The machines erupted into chaos, alarms blaring as her body arched and twisted. My cries returned, loud and desperate, but not out of fear for myself this time. I was being lifted away, a nurse quickly pulling me from her arms and cradling me against their chest.
"Take the baby!" someone shouted. "She's seizing—get her stabilized!"
I watched as the nurses and doctors surrounded her, their voices frantic as they worked to save her.
"BP dropping—she's crashing!"
"Push another epi—come on, stay with us!"
"She's coding!"
The words blurred together, but the urgency in their tone was unmistakable. I couldn't look away, even as my tiny body trembled in the nurse's arms.
And then, silence.
The machines stopped their relentless beeping, replaced by a flat, monotone whine. The doctors and nurses froze, their faces falling as the reality set in.
"She's gone," someone said softly.
I didn't know her. She wasn't my real mother. But something inside me shattered at that moment. Tears streamed down my face, my cries filling the room again.
"Damn it," I thought bitterly. "I'm going to have to grow up without a mother. Again."
The staff around me exchanged glances, their expressions somber. Even the nurse holding me seemed to cradle me closer, as if to offer some small comfort.
"She knew this might happen," one of the doctors said, their voice tinged with guilt. "We told her she was too weak to deliver…"
"But she didn't care," another added. "She said she didn't care if it killed her. She wanted to meet her baby."
"She was smiling," one of the nurses whispered, her voice trembling. "Even at the end, she was smiling."

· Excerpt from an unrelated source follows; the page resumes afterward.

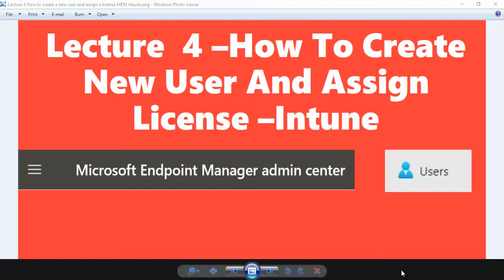Hi friends, welcome back. Today we are going to start our lecture number four. In this lecture, we are going to create a new user and I will show you how we can assign a license to an end user.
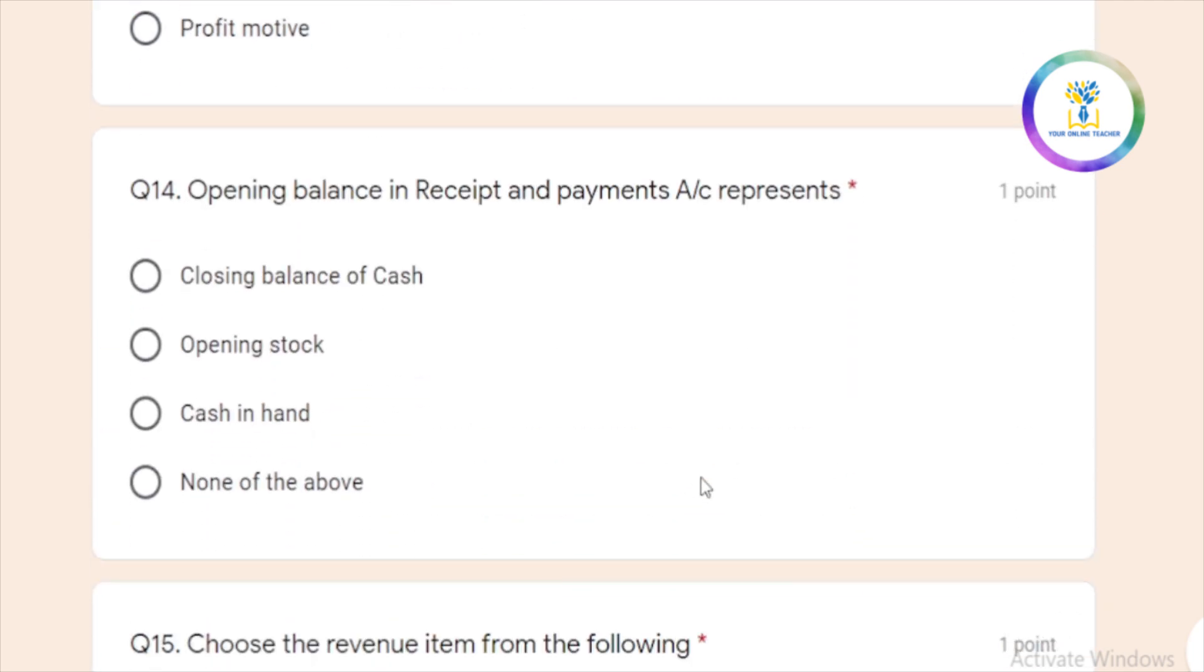Then 14th question. Opening balance in receipts and payments account. Receipts and payments account opening balance.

The weight of their words pressed down on me. I didn't know this woman—my mother—but she had died for me. She had given up everything just to bring me into this world. And I felt… nothing. No sadness, no connection. Only the faint echo of guilt for not feeling more.
I was placed in an incubator, the sterile environment surrounding me in a cocoon of glass and warmth. My cries had stopped, replaced by a heavy silence as I tried to process everything.
"Congratulations, Host. You have awakened the Tyrant System."
The words appeared again, glowing faintly in my mind. They were clear and calm, a stark contrast to the chaos I'd just witnessed.
"Great timing," I thought sarcastically.
The system didn't respond to my tone. Instead, it displayed more text:
System functions locked until Host's fifth birthday. Please grow and adapt.
"Five years? Are you kidding me? What am I supposed to do until then? Chew on rattles and cry for milk?"
No response. The system was silent, as if mocking me with its indifference. I let out a mental sigh, exhaustion finally catching up to me.
"Fine," I thought. "I'll deal with you later."
As my tiny body gave in to sleep, my last thoughts were of the woman who had given her life for me.
The next five years wouldn't be easy. But if this was my second chance, I wasn't going to waste it.
And so, Derek Carter—now Allen Walker—began his new life. The first five years passed in a blur of growth and preparation, his thoughts always lingering on the future.
But the story truly began on the day of his fifth birthday.